We covered two algorithms for finding minimum spanning trees in connected graphs. Finding a minimum spanning tree can be used in the context of telecommunication networks. However, like the other concepts discussed in this course, the concept of a minimum spanning tree can also be applied in novel ways. One instance of such an application is this approximation algorithm for the metric traveling salesperson problem.

In the context of minimum spanning trees, we looked at a specific use case of the disjoint-set data structure, where each disjoint set represents a connected component. In other situations, a disjoint-set data structure can represent connected parts of a grid or network. For instance, it can store information about a social network. In such a case, the data structure can be used for assessing whether some information can be transmitted from one individual to another based on whether they are in the same connected component.
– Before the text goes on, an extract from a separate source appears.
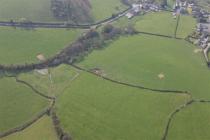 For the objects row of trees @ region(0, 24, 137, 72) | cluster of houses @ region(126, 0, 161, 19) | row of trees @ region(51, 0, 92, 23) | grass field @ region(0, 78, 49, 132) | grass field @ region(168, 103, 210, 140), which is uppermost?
row of trees @ region(51, 0, 92, 23)

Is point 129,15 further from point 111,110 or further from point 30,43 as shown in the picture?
point 111,110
We covered the Ford-Fulkerson algorithm and saw how it can be used for finding a maximum flow of material in a flow network such as a network of water supply, distribution of goods, or electrical transmission. We saw that the Ford-Fulkerson algorithm can also be used for finding a minimum cut in a flow network, making it useful for solving problems like identifying traffic congestions.
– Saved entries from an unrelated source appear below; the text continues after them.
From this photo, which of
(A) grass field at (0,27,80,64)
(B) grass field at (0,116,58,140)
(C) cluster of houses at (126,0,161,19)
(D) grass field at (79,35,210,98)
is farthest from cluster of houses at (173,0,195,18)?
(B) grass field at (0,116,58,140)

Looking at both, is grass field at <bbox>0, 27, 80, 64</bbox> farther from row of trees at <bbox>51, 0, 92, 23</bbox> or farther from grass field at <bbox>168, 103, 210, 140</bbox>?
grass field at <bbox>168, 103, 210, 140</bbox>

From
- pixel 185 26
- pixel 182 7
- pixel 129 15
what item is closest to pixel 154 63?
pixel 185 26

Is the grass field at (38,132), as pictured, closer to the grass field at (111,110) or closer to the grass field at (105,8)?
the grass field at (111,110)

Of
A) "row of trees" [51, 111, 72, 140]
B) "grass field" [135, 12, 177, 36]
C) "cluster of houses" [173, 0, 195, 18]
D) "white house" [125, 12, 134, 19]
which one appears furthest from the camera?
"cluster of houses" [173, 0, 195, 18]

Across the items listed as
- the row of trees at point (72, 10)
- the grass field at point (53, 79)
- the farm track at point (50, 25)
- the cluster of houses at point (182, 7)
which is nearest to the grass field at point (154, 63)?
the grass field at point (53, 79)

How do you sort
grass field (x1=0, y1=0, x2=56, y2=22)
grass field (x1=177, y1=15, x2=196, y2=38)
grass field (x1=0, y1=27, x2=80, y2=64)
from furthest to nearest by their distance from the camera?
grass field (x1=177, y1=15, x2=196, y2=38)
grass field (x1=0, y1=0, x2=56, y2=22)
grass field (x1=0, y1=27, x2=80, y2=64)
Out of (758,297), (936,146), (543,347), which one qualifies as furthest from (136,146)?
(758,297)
Note that the Ford-Fulkerson algorithm is an excellent starting point for an introduction to problems related to flows. It’s considered a landmark algorithm that has had a tremendous impact on how real-world combinatorial optimization problems are tackled.

An interesting application of the Ford-Fulkerson algorithm is image segmentation, where we are required to identify what part of an image constitutes its foreground and what part constitutes its background. In such a case, the pixels are modeled as vertices, and each pair of adjacent pixels is modeled as an edge. Once the algorithm is run, the vertices that fall in the two sets $V_s$ and $V_t$ of the minimum cut $\langle V_s, V_t\rangle$ correspond to the foreground and background of the image.

We also saw how the Ford-Fulkerson algorithm can be used as a subroutine for finding maximum matchings and minimum vertex covers in bipartite graphs.

Many applications that require pairing objects, animals, or people belonging to two different groups can be framed as the problem of finding a maximum matching in a bipartite graph. For example, one such application is in computer vision, where different objects moving through an environment are required to be tracked across different video frames. In such a case, two consecutive video frames are treated as partite sets, and the objects in each frame are treated as vertices.